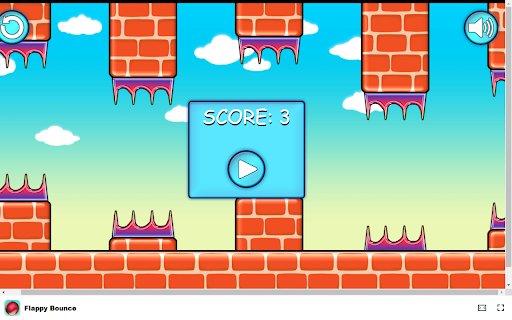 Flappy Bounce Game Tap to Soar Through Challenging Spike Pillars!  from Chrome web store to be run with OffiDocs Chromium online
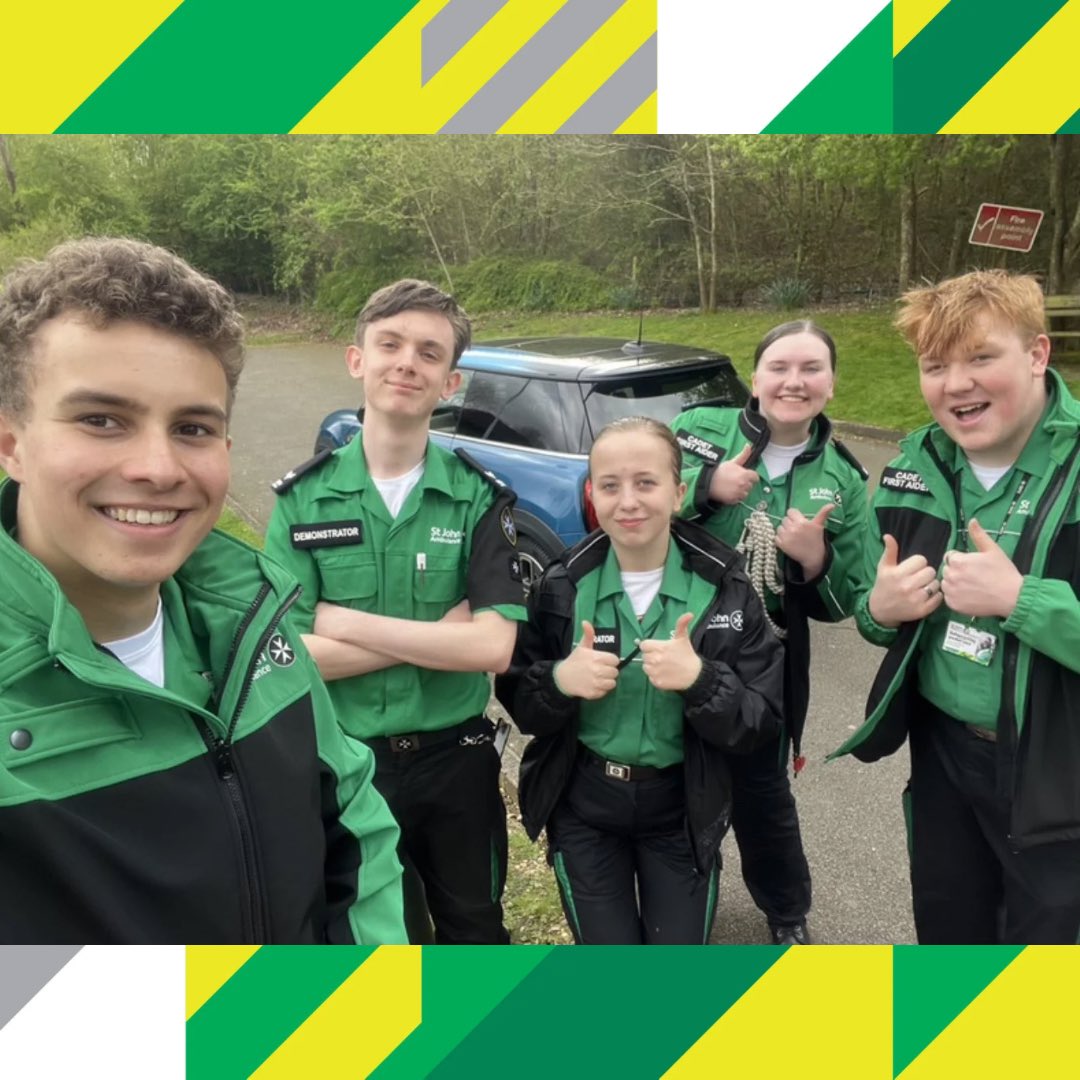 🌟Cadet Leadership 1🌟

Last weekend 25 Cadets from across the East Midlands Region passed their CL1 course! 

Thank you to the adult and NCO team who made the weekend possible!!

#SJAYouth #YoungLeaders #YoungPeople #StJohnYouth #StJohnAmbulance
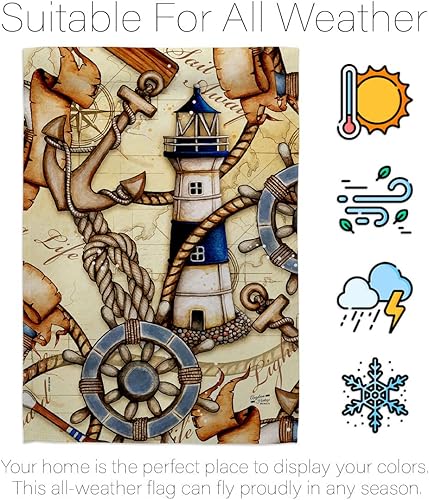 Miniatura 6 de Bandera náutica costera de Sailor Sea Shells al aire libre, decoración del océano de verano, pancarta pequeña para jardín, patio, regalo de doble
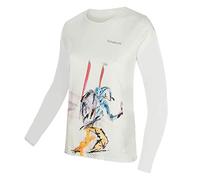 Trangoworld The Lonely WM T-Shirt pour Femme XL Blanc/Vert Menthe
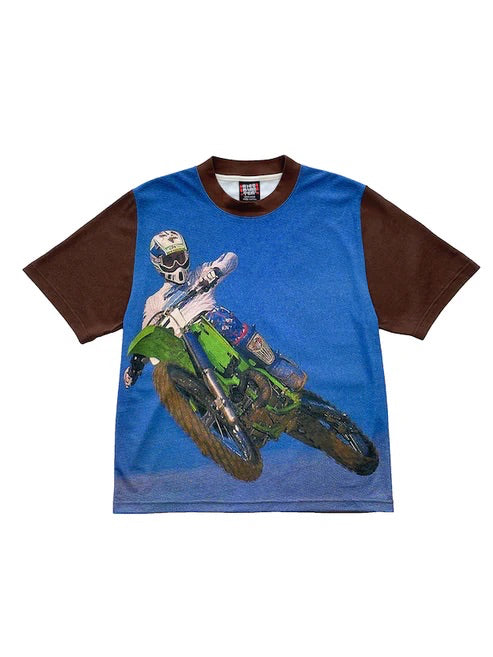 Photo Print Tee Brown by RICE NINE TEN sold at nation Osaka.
* * *
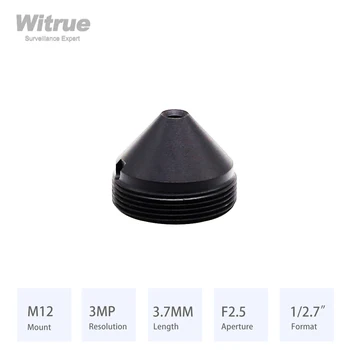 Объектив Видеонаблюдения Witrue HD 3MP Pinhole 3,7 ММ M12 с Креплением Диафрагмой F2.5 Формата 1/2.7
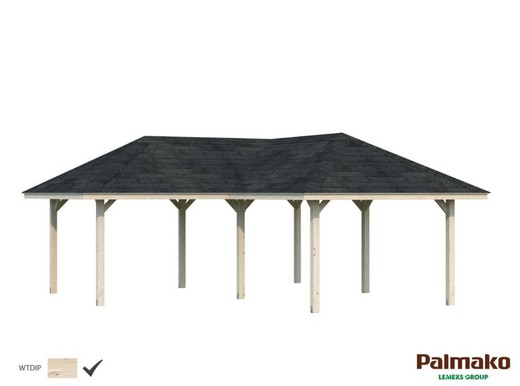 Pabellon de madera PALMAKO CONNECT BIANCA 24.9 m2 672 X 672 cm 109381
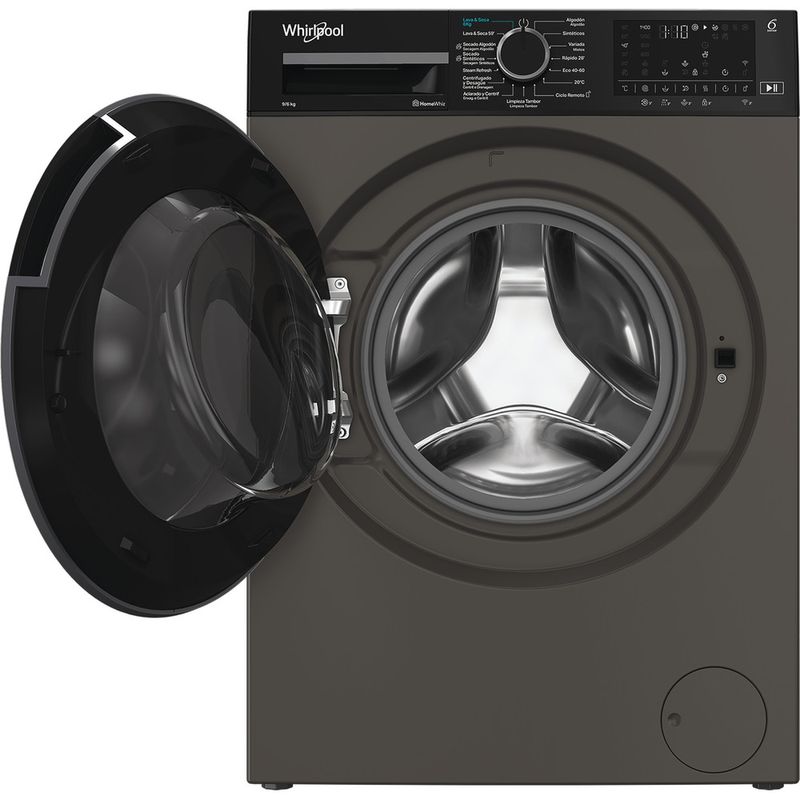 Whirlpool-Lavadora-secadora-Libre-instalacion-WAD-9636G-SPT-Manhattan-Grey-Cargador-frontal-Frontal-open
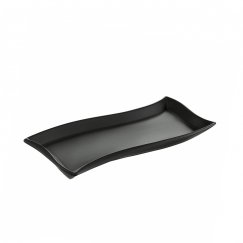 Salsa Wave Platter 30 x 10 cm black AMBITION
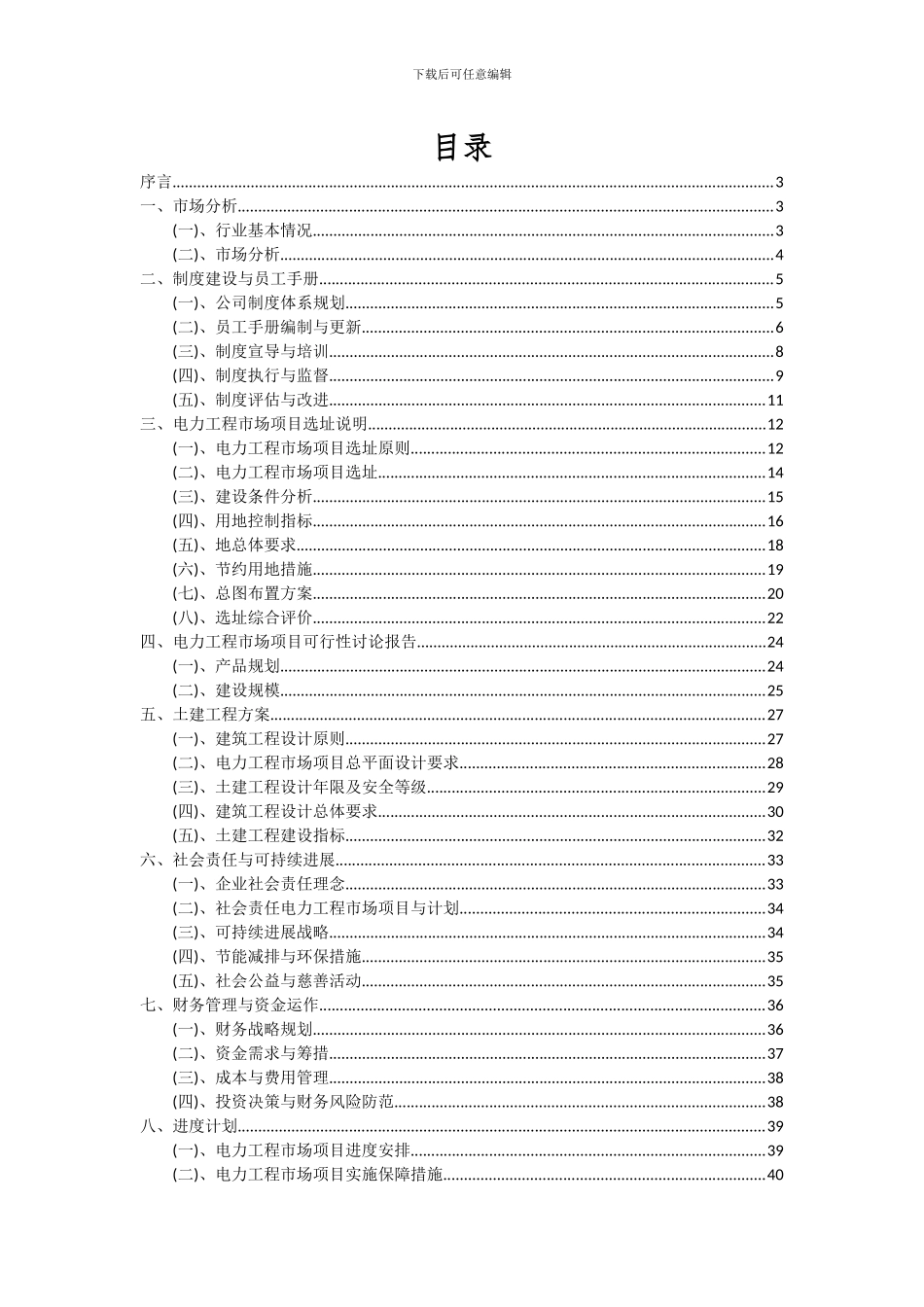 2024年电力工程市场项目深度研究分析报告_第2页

## [What is being asked]
Reproduce exactly the lines above that run from the one with "#SJAYouth #YoungLeaders #YoungPeople" to the one with "Photo Print Tee", both included, leaving pictures out.

## [Output for this exercise]
#SJAYouth #YoungLeaders #YoungPeople #StJohnYouth #StJohnAmbulance
 Miniatura 6 de Bandera náutica costera de Sailor Sea Shells al aire libre, decoración del océano de verano, pancarta pequeña para jardín, patio, regalo de doble
 Trangoworld The Lonely WM T-Shirt pour Femme XL Blanc/Vert Menthe
 Photo Print Tee Brown by RICE NINE TEN sold at nation Osaka.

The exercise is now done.